Tomasi also missed on a few names. He uses Henri Ducard — the alias Ra’s al Ghul uses in the movie Batman Begins — for Morgan’s father and Bruce’s former mentor. 66 Is this to suggest Ducard is Ra’s or draw a parallel between them? Probably not, but that’s what I thought of. Morgan’s nom du revanche, Nobody, is clever if you’re Odysseus or an imaginary friend; otherwise, it’s a mistake, as Morgan has a strong sense of self and leaves an unignorable trail of dead and missing in his wake. And as for the Great Dane Bruce buys for Damian — OK, I can see avoiding Ace (the Bat Hound) as being too obvious. But if you’re going to name a Great Dane after a Shakespearean character, I can think of one involved with a bloodbath and having parental issues that fits. Or, if “Hamlet” is too on the nose, why not “Horatio,” which makes a great name for a sounding board? Either is better than “Titus,” which Damian ultimately chooses.

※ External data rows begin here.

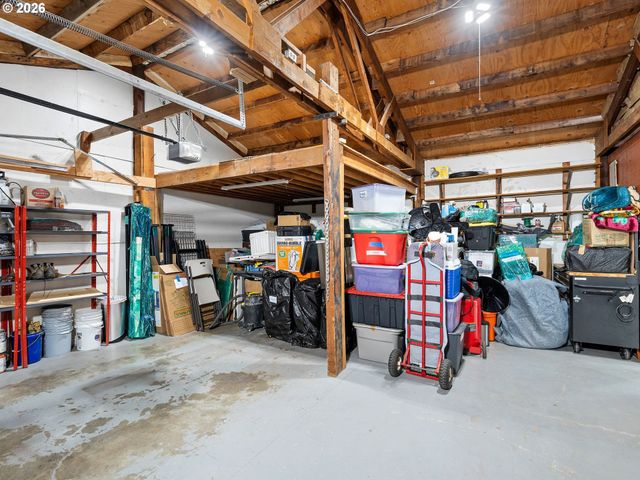1677 E MAIN St, Hillsboro, OR 97123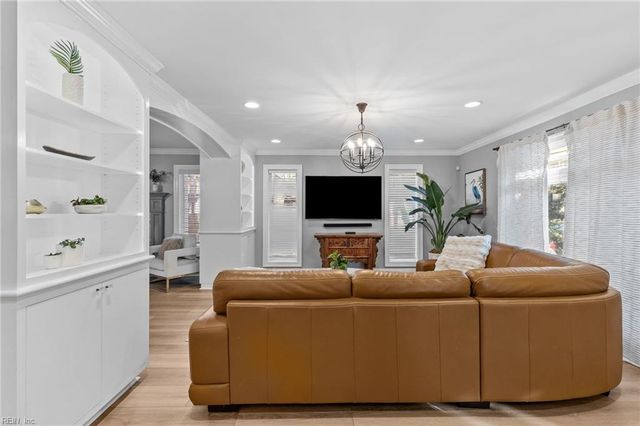 710 Bay Colony DR, Virginia Beach, VA 23451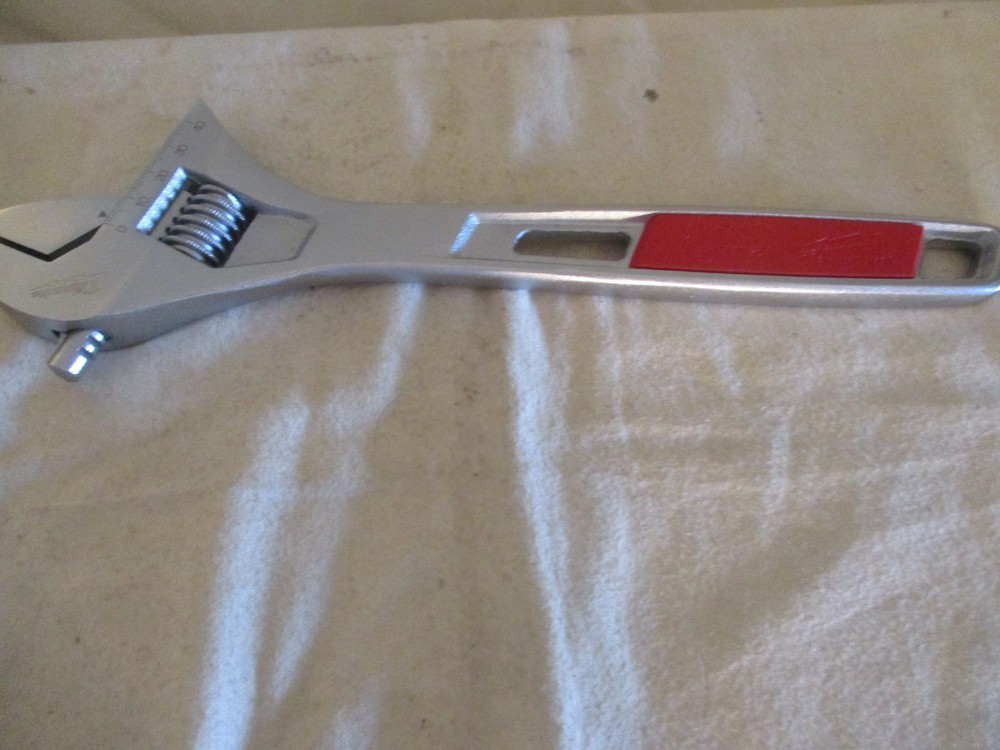 Milwaukee Adjustable Wrench 10 Inch New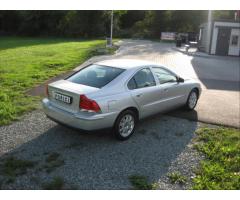 Volvo S60 2,5   2.5 T - 8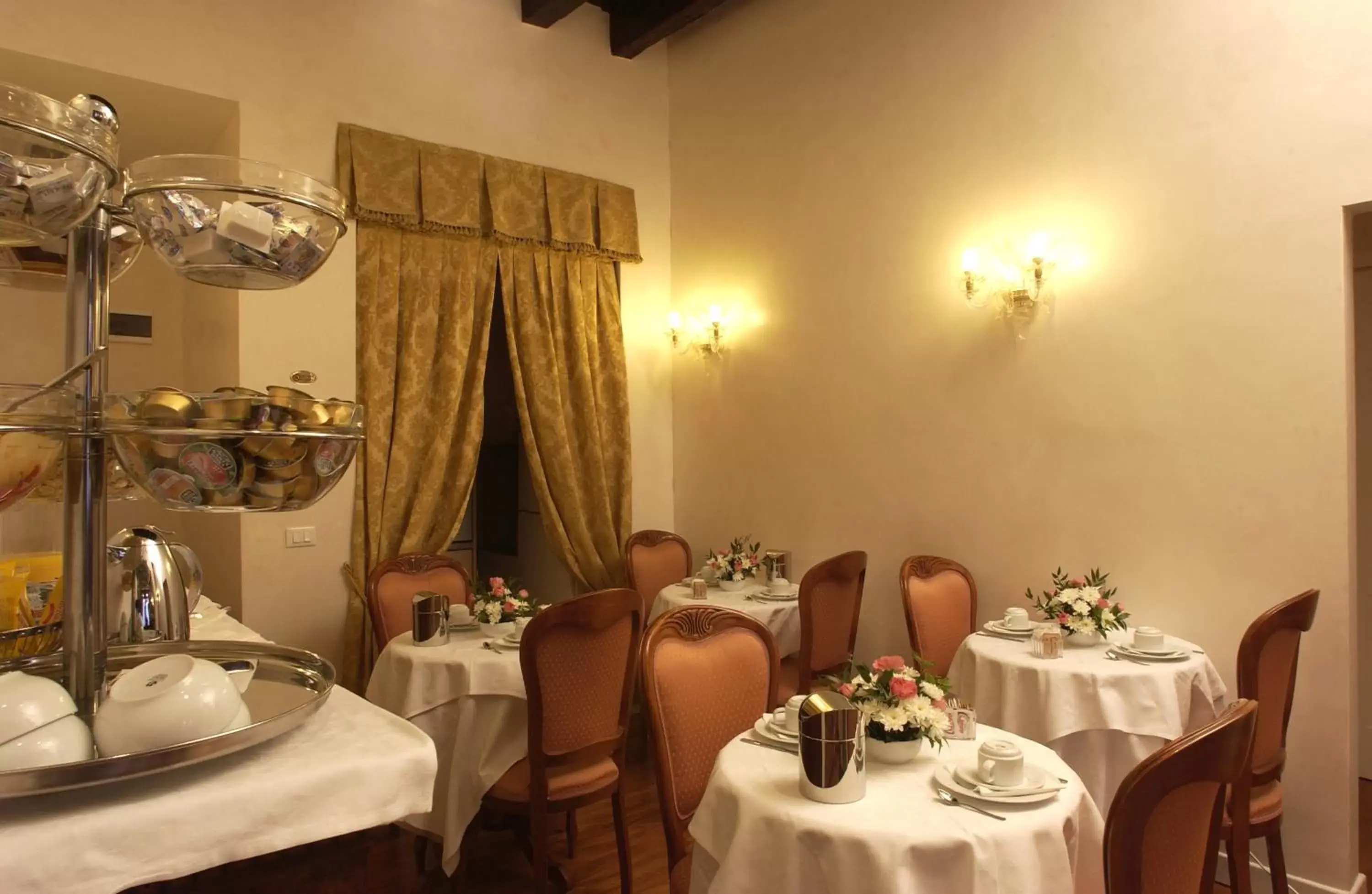 Restaurant/Places to Eat in Hotel Locanda Canal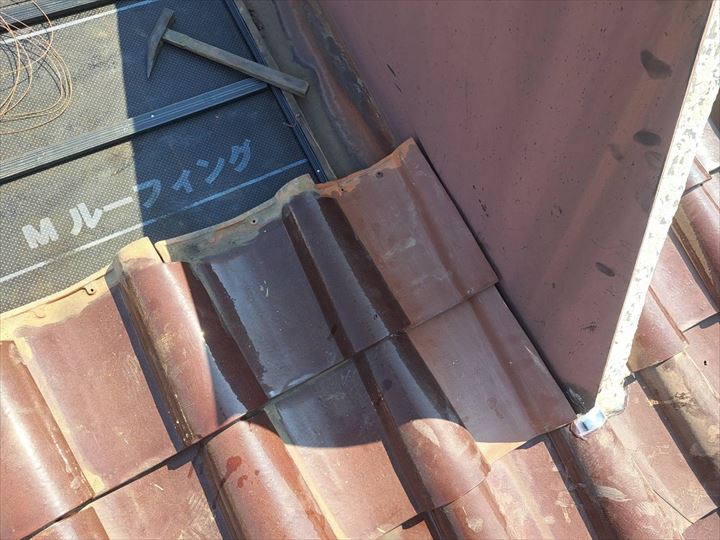 瓦の復旧作業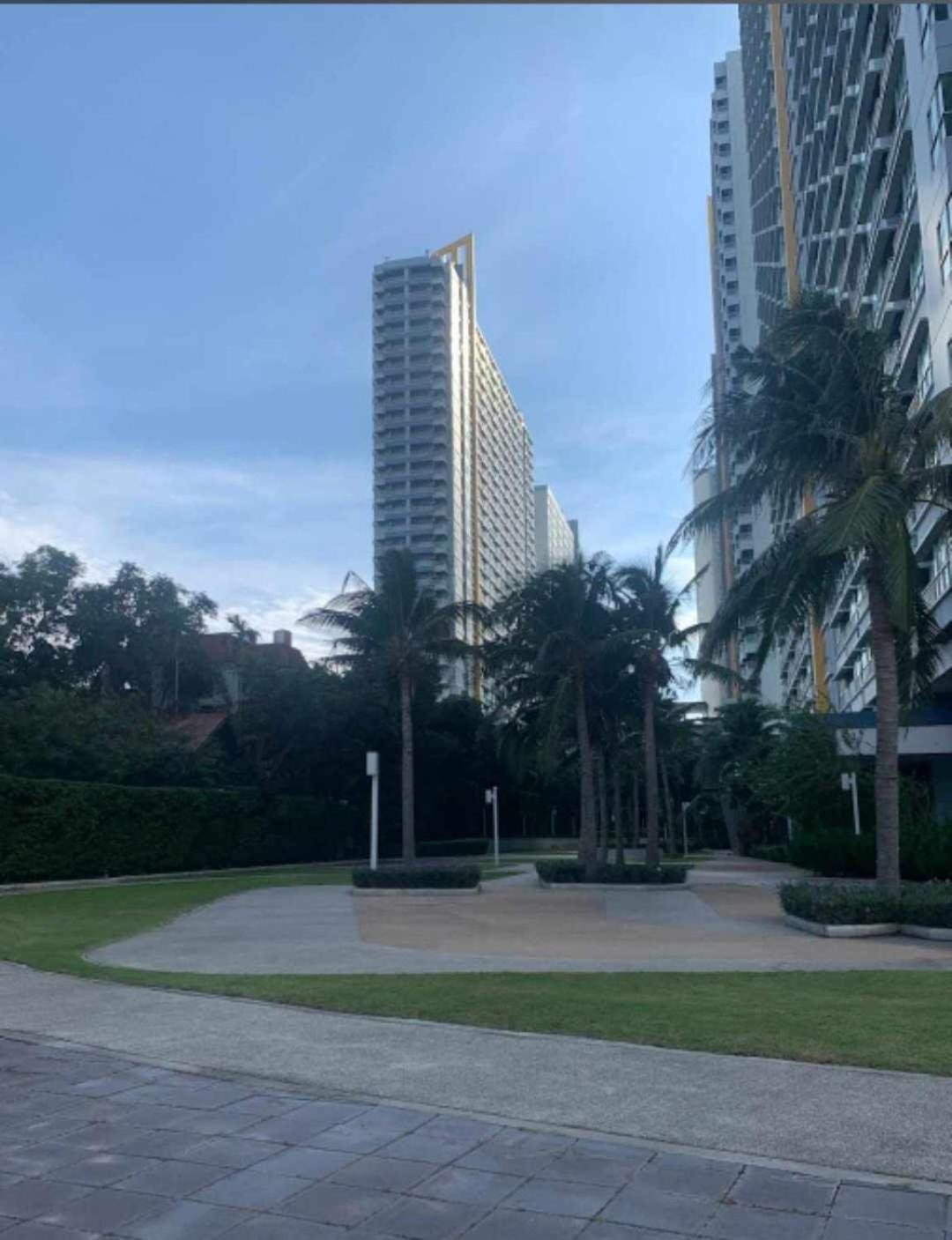 1 Bedroom Seaview Jomtein 9Th Jomtien Beach Exterior photo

Other than my previous complaints about Gleason, I have few objections to his art. I liked his design of the Russian Batman, even though he is only briefly in the book. Nobody’s design, though, is a generic mishmash: insectoid (apparent multiple eyes) and black, with glove blasters. Perhaps that fits a character “Nobody” better than a truly distinctive design. Gleason’s action scenes are chaotic without devolving into incoherence; although there are some confusing bits, I never lost the thread of the narrative.

Still Gleason’s art isn’t enough to pull Kill past “acceptable.” Is there anything wrong with Kill? No, not in the long run. I’m a little confused why DC started the reboot in this title with such weak fare, and I’m downright bewildered by the positive blurbs on the cover. It’s a slow story and not a very interesting one.